Exact repetition of a range: find the line containing "A FRENCH GILT-METAL" and the line containing "7418 Dune Drive" in the material below, then repeat both and all lines between them, leaving pictures out.

## Task input:
BEGIN
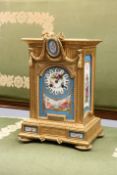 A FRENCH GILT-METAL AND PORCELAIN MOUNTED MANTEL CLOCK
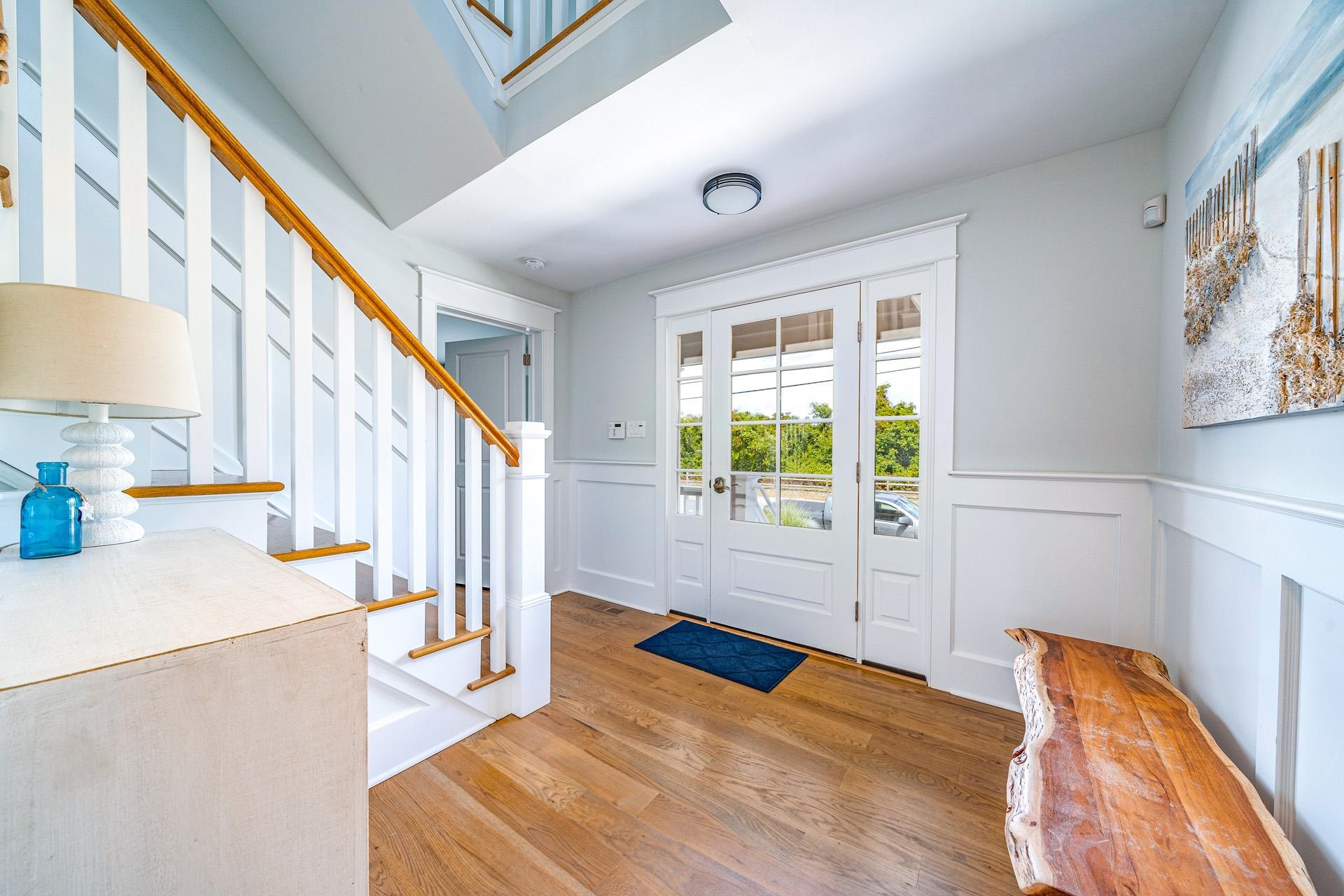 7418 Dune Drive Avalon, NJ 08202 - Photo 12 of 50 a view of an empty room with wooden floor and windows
END
BEGIN
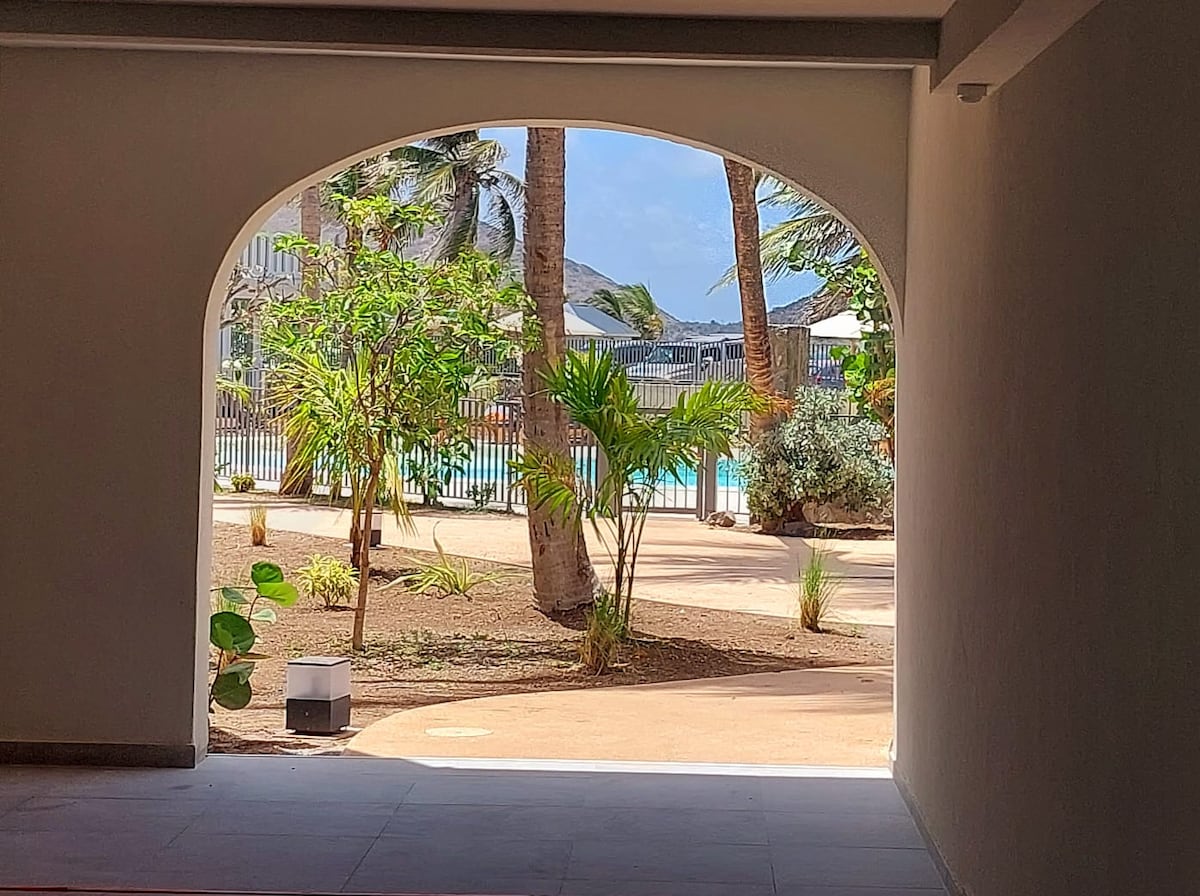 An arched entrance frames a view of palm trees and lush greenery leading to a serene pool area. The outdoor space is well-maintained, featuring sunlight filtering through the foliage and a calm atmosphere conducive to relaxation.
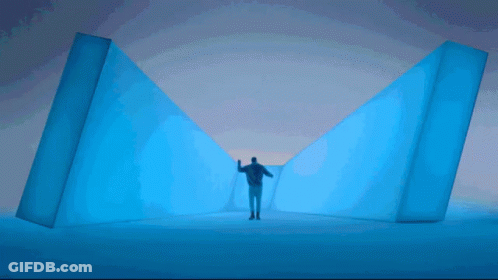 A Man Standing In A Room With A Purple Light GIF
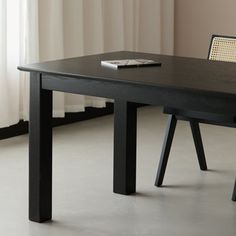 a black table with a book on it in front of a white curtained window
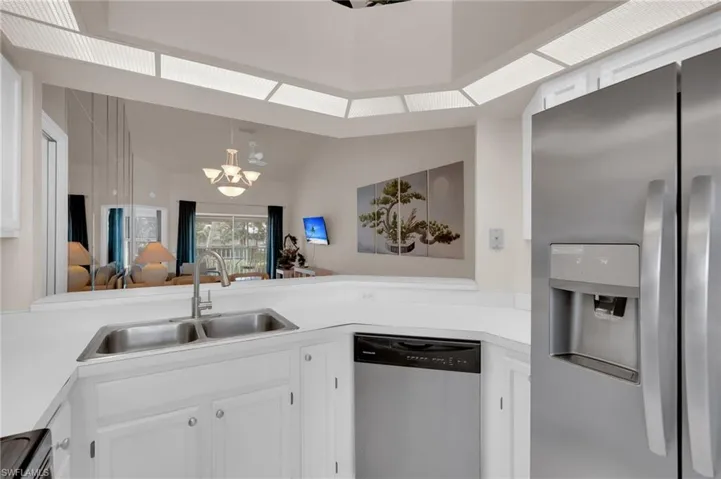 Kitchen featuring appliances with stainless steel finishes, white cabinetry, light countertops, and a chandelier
END
## Output of the exercise:
 A FRENCH GILT-METAL AND PORCELAIN MOUNTED MANTEL CLOCK
 7418 Dune Drive Avalon, NJ 08202 - Photo 12 of 50 a view of an empty room with wooden floor and windows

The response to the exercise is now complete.